Are EMS providers working too much?

NOW: 2nd ambulance crashes

(NEWS CENTER) -- Maine State Police say the driver of an ambulance fell asleep and crashed in Bowdoinham; the second such crash this week.

It happened in the northbound lane of I-295 around 5 AM Friday. 

A state trooper says the EMS crew had just taken a woman in labor to the hospital, and were returning when the driver says he dozed off. 

A witness told police the ambulance crossed multiple lanes of traffic, before hitting the median, going airborne, and crashing into the guard rail. 

A nurse riding in the back had minor injuries, while the driver and his passenger were unharmed. Trooper Dunn says no charges are pending in this case.
 

 
Around 4 AM on Wednesday, a Fort Kent ambulance hit a utility pole and rolled over in Masardis. 
 
Police say the driver fell asleep going into a curve in the road. Again, there were no patients in the ambulance at the time of the crash.
 
"Between the two incidents that have happened in the last 24-36 hours, it should be a warning shot across the bow for all of us here in Maine to look at our policies and how we are scheduling," said Delta Ambulance Executive Director, Timothy Beals, "and make sure that when someone is working an extended shift, that they have a period of downtime."
 
When we posted the picture of the first crash, NEWS CENTER got some posts asking about the paramedics' long shifts.
 
Melissa said, "This is exactly why it's so dangerous to push these medical responders to pull 36-48 hours shifts. Glad everyone is okay."
 

 
Don wrote, "These people working these jobs are getting no sleep. It's a proven fact that staying up 24 hours is the equivalent to being extremely drunk. The shifts should be no longer than 16 hours."
 
We know the driver in Friday morning's crash was finishing a 24-hour shift, because he had picked up overtime; that's not a normal shift for Delta crews.

It is, however, normal for many departments in Maine, giving their employees a few days off in between to rest.

Departments that do have 24-hour shifts have beds for their crews to sleep in when they have down time during the day or night.

South Portland is one of Maine's cities to implement the 24-hour shift. A spokesperson for the department cites a number of studies from Canada to New Jersey to some a little closer to home that report a decrease in sleep deprivation on full shifts like that, as opposed to split shifts, like 10-hour days and 14-hour nights.
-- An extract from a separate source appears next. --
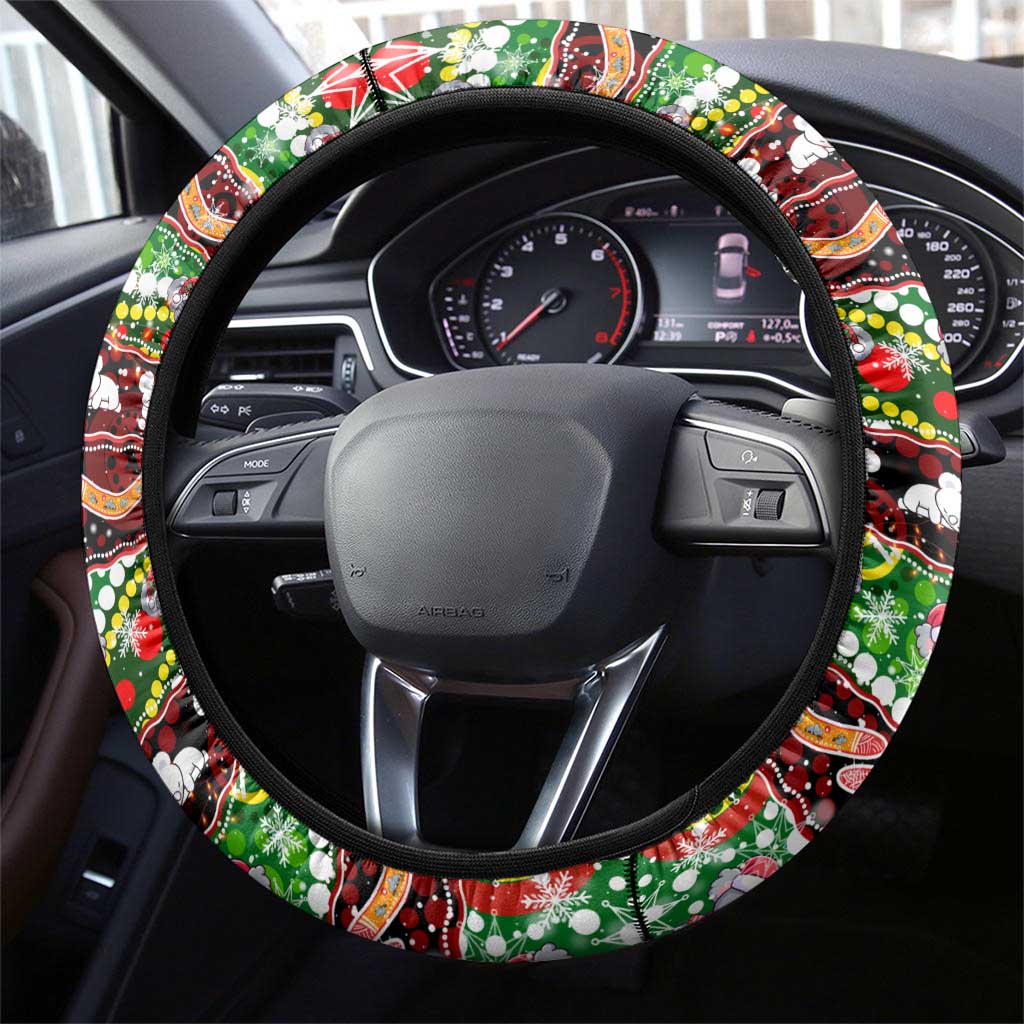 Koala Christmas Steering Wheel Cover Australia Aboriginal Cute Santa Koalas - Wonder Print Shop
A 2013 Toronto study found: "The majority of personnel surveyed reported being less tired at work on the 24-hour shift compared to the 10/14-hour shift, feeling more satisfied with time for leisure activities and time with family, and feeling more satisfied with their sleep patterns."

The problem, Beals tells us, is that many EMTs work other jobs, so while they're expected to come in well-rested, there's no guarantee they haven't picked up a shift the night before somewhere else.

We also spoke with the chief of Howland's fire department about what sleep deprivation really boils down to on these overnight shifts. Josh McNally says one of their biggest battles is just how much ground their rescue crews have to cover.

“The majority of our transfers from Northern Maine, from above Bangor, are to tertiary care centers and they can put us on the road sometimes from 8-12 hours at a time. So there is an interesting dynamic for us working 24 hour shifts, for us to be working through the night.”

Chief McNally says there is policy in place that any long distance transfer after 7 PM requires three people so the driver can take a break if needed.